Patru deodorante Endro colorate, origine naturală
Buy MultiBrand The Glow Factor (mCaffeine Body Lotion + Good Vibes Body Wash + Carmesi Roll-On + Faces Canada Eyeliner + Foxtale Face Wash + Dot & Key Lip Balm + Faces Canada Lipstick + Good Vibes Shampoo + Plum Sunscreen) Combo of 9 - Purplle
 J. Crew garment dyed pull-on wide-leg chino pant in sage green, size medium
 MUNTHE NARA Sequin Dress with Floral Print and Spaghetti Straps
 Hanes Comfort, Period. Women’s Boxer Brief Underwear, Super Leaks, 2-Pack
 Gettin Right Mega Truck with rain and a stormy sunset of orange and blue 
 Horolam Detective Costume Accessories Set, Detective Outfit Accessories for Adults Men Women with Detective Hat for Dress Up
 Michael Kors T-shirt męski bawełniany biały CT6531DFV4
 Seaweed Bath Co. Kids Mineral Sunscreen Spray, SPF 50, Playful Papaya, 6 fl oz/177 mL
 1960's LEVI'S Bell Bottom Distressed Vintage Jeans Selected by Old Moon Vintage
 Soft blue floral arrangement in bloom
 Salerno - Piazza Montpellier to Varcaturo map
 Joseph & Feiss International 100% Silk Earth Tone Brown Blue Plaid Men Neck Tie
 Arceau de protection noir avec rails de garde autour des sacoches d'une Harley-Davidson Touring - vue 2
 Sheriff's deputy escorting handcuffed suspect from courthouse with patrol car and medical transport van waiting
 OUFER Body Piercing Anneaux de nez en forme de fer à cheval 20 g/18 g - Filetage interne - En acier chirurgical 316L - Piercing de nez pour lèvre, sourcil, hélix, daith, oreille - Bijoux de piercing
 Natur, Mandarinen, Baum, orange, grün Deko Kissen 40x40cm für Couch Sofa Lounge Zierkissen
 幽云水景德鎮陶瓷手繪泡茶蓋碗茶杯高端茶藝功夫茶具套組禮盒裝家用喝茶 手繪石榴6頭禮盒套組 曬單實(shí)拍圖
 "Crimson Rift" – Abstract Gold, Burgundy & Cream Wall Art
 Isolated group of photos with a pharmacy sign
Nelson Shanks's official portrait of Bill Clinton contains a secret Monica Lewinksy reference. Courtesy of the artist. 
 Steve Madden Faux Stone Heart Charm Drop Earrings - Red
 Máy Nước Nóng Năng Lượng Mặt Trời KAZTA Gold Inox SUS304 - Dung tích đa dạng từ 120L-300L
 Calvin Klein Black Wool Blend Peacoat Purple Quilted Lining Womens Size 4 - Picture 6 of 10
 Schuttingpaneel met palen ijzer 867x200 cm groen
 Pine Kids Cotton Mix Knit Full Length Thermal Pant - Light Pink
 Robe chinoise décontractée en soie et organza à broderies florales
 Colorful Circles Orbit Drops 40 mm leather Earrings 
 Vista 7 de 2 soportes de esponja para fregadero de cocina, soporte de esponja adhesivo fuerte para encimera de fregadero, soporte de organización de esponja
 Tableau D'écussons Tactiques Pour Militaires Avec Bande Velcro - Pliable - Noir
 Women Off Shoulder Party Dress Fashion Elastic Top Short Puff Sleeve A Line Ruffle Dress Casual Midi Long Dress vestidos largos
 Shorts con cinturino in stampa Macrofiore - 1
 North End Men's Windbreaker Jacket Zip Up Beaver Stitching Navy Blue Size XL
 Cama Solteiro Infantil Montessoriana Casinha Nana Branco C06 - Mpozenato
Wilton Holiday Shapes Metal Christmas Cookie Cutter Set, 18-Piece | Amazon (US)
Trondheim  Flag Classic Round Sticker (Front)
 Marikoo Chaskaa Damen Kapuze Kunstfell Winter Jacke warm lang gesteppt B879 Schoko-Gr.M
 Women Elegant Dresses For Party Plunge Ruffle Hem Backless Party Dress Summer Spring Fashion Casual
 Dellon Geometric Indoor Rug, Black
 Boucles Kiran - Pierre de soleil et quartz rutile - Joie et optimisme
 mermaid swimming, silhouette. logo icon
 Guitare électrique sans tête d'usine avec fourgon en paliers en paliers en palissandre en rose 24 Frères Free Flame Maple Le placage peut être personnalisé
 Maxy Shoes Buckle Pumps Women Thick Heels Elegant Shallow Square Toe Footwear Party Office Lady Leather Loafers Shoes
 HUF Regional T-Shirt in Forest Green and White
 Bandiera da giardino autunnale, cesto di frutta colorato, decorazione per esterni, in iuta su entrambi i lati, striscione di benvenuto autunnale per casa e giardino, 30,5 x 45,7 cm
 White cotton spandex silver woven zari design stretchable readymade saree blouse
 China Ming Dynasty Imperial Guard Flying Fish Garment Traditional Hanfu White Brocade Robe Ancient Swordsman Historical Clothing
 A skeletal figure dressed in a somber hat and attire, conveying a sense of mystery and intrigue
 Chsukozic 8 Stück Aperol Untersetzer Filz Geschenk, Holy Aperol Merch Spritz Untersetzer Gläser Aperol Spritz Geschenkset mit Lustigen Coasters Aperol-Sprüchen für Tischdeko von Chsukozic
——
**REQUIRED WORK**
Which lines hold the word "Robe"? Copy each of them from the records.

**RESULT OF THIS EXERCISE**
 Robe chinoise décontractée en soie et organza à broderies florales
 China Ming Dynasty Imperial Guard Flying Fish Garment Traditional Hanfu White Brocade Robe Ancient Swordsman Historical Clothing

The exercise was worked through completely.